In the days-of-the-week example, n is 7 and the conditional probability is 13/27, about 48%. In the handedness example, n is 10 and the conditional probability is 19/39, about 49%. And for the girl named Florida, who is 1 in 1000, the conditional probability is 1999/3999, about 49.99%. As n increases, the conditional probability approaches 1/2.

Going in the other direction, if we choose an attribute that’s more common, like 1 in 2, the conditional probability is 3/7, around 43%. And if we choose an attribute that everyone has, n is 1 and the conditional probability is 1/3.

In general for problems like these, the answer is between 1/3 and 1/2, closer to 1/3 if the attribute is common, and closer to 1/2 if it is rare.

But Why?

At this point I hope you are satisfied that the answers we calculated are correct. Enumerating the sample space, as we did, is a reliable way to compute conditional probabilities. But it might not be clear why additional information, like the name of a child or the day they were born, is relevant to the probability that a family has two girls.

The key is to remember what we learned from Sully: if you succeed at something improbable, you probably made more than one attempt.

If a family has a girl born on Saturday, they have done something moderately improbable, which suggests that they had more than one chance, that is, more than one girl. If they have a girl named Florida, which is more improbable, it is even more likely that they have two girls.

These problems seem paradoxical because we have a strong intuition that the additional information is irrelevant. The resolution of the paradox is that our intuition is wrong. In these examples, names and birthdays are relevant because they make the condition of the conditional probability more strict. And if you meet a strict condition, it is likely that you had more than one chance.

Be Careful What You Ask For

When I first wrote about these problems in 2011, a reader objected that the wording of the questions is ambiguous. For example, here’s Gardner’s version again (with my revision):

Mr. Smith has two children. At least one of them is a [girl]. What is the probability that both children are [girls]?

And here is the objection:

  • If we pick a family at random, ask if they have a girl, and learn that they do, the probability is 1/3 that the family has two girls.
  • But if we pick a family at random, choose one of the children at random, and find that she’s a girl, the probability is 1/2 that the family has two girls.

In either case, we know that the family has at least one girl, but the answer depends on how we came to know that.

I am sympathetic to this objection, up to a point.
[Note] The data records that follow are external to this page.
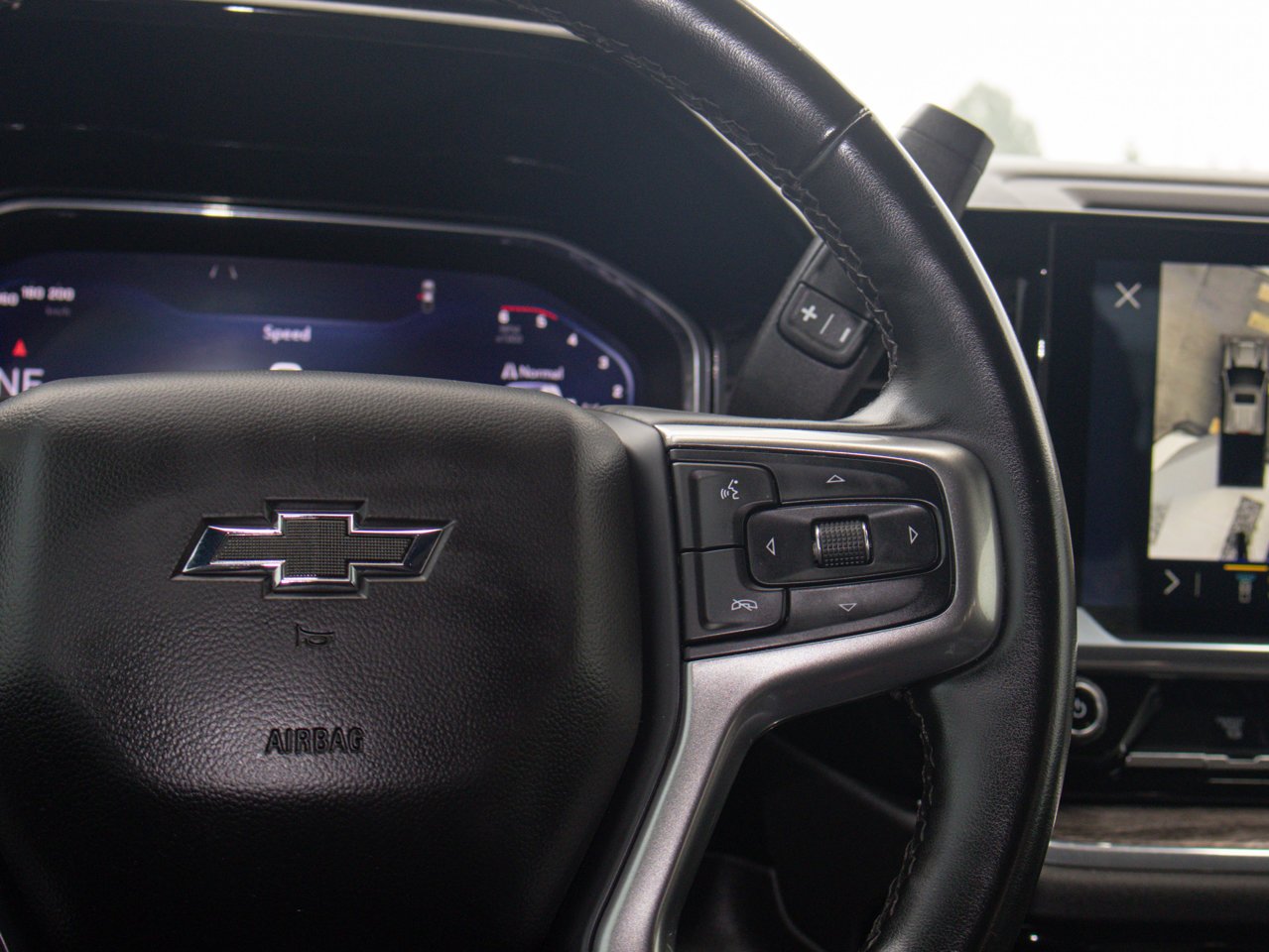 2025 Chevrolet Silverado 2500HD 4WD Crew Cab 159 LTZ White Sherwood Park - photo #27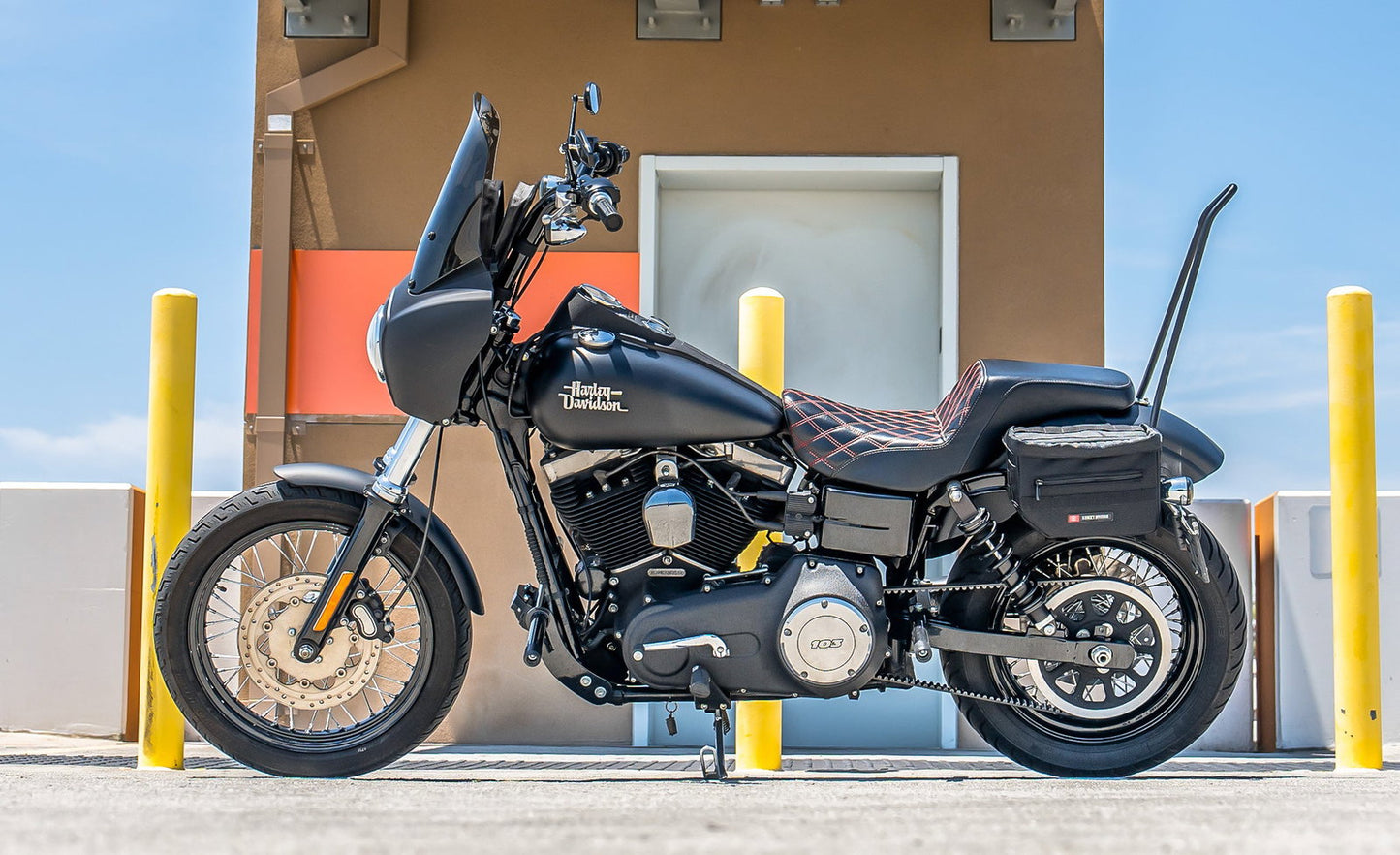 10L - Patriot Small Throw Over Alforjas para Harley Dyna Street Bob FXDB
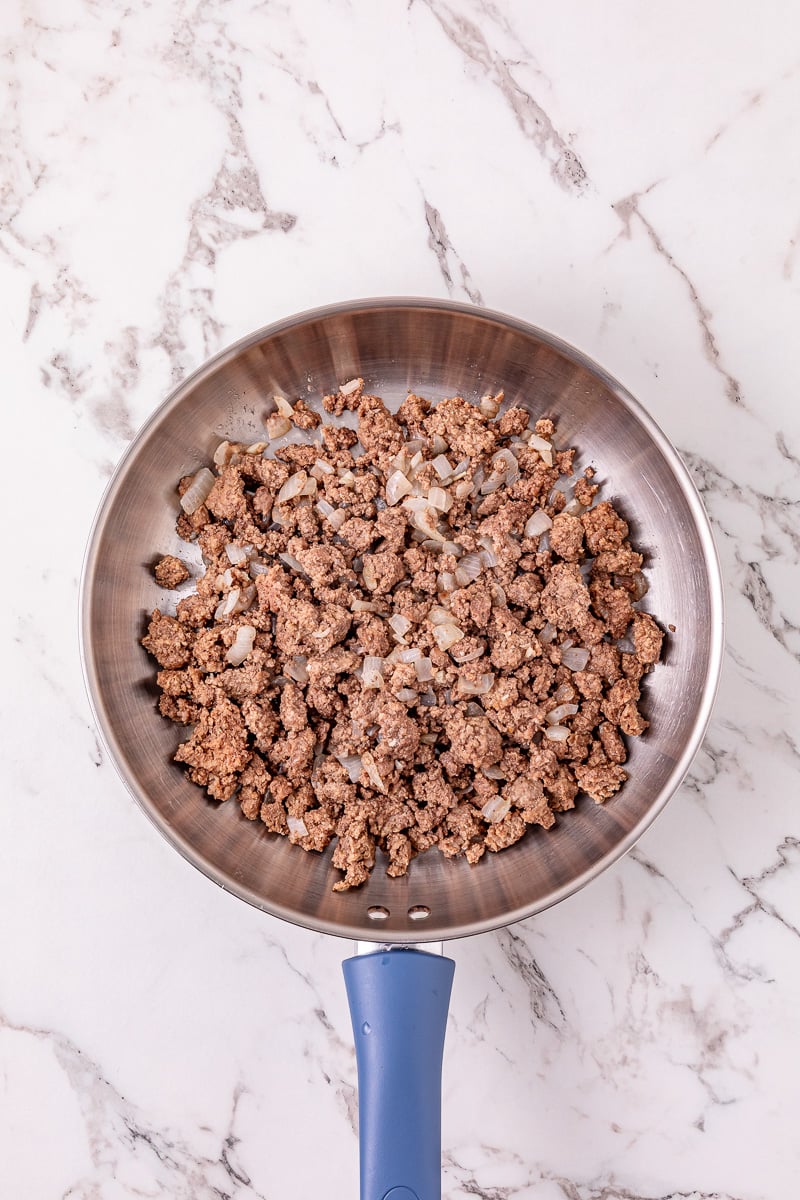 Cooked ground beef in sklllet.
Yes, the question is ambiguous, but natural language is almost always ambiguous. As readers, we have to make assumptions about the author’s intent.

If I tell you that a family has at least one girl, without specifying how I came to know it, it’s reasonable to assume that all families with a girl are equally likely. I think that’s the natural interpretation of the question and, based on the answers Gardner and Mlodinow provide, that’s the interpretation they intended.

I offered this explanation to the reader who objected, but he was not satisfied. He replied at length, writing almost 4000 words about this problem, which is longer than this chapter. Sadly, we were not able to resolve our differences.

But this exchange helped me understand the difficulty of explaining this problem clearly, which helped when I wrote this chapter. So, if you think I succeeded, it’s probably because I had more than one chance.